UK grill hamburger flambé pic by Je Kemp
The resulting UK grill was horrific. Under American influence, the Brit decided that the proper food to barbecue was hamburger patties and pork sausages (these being the locally available, vague equivalent of the American “wiener”). The retailers cleverly deduced that, as most Brits were urban dwellers without much in the way of a garden and were naturally conservative in investing in exotic equipment, very cheap, disposable barbecues were the way to go.
Not a pretty picture

Grim UK grill
The combination has to be experienced to be believed. Here comes the determined Brit in his baggy shorts and sandals worn with ankle socks, striding down the gray pebble beach under a close gray summer sky. Under his arm he clutches the shallow aluminium tray of a disposable barbecue, filled with chemically drenched charcoal and tightly wrapped in thick plastic. Behind him, his pale and podgy family struggle forward under the burden of folding chairs, umbrellas and many white plastic supermarket bags. A spot is found and camp is established. Time for lunch.
Lunch
With the apprehensive air and long arm of a man lighting the fuse to a large bundle of dynamite, the whole tinfoil, charcoal, plastic contraption is set on fire. White smoke billows forth.

UK disposable grill smoking
Adopting the self-deprecating, but slightly reckless attitude assumed by all Brits when barbecuing (no true Brit considers himself a barbecue expert), the hamburger patties and sausages are tentatively lowered into the smoke. There follows a period of fumbling uncertainty during which either:
(a) the fire goes out and cannot be restarted; or
(b) the fat from the sausages drips onto the charcoal and ignites the smoke in an all-consuming sheet of flame; or
(c) the tide comes in and washes everything out to sea.

UK grill bangers and patties
Pic by Will Jennings
Even when things go well, there is always an atmosphere of impending disaster and the culinary result is always the same.

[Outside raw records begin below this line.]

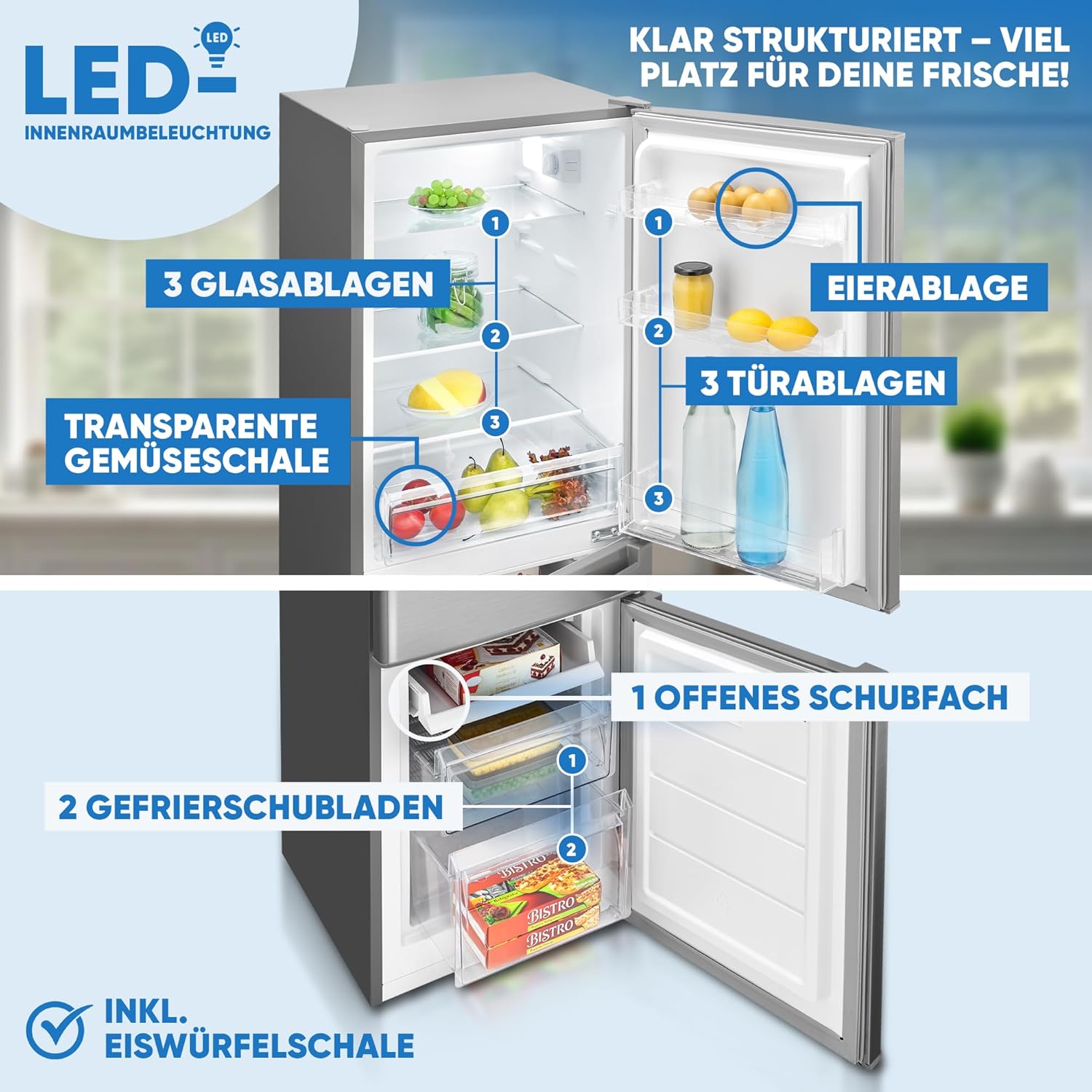Bomann Kühlschrank mit Gefrierfach 143cm hoch | Kühl Gefrierkombination 173L mit 3 Ablagen & 3 Schubladen | Türanschlag wechselbar | leise Kühlgefrierkombi 40db | Kühlschrank KG 7359 inox – Bild 11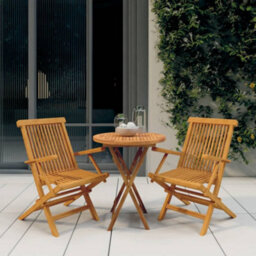 Berkfield 3 Piece Garden Dining Set Solid Wood Teak - thumbnail 1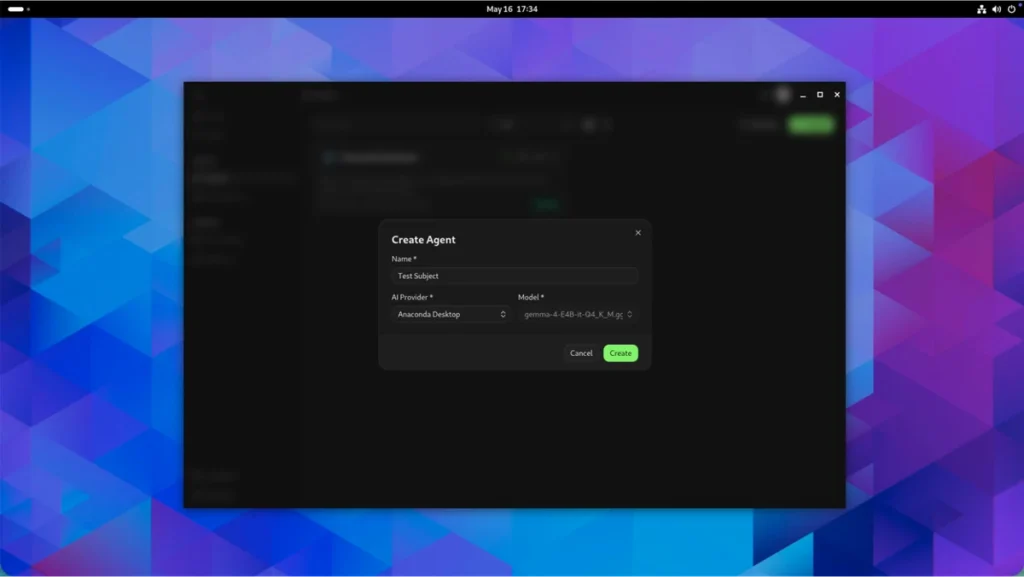 Anaconda Agent Studio Create Agent dialog with the name "Test Subject," AI Provider set to Anaconda Desktop, and a Gemma model selected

I, for one, will never get used to raw pork sausages blackened by petrochemical smoke and served on a buttered roll with dollops of tomato ketchup.
UK grill - barbecue hope for the future
But all is not lost.
A combination of fine summer weather and hundreds of thousands of South African immigrants over the past decade has given a big boost to barbecue in the UK. It is now the UK’s number one home leisure activity with one hundred and ten million barbecues in 2006.
The standard is improving all the time and even the supermarkets now sell decent charcoal and good pre-prepared cuts of meat more suitable for barbecue than pork sausages.
And if you ask a Brit, any Brit, if he would like to come along to a braai, he knows exactly what you are talking about and usually accepts without delay.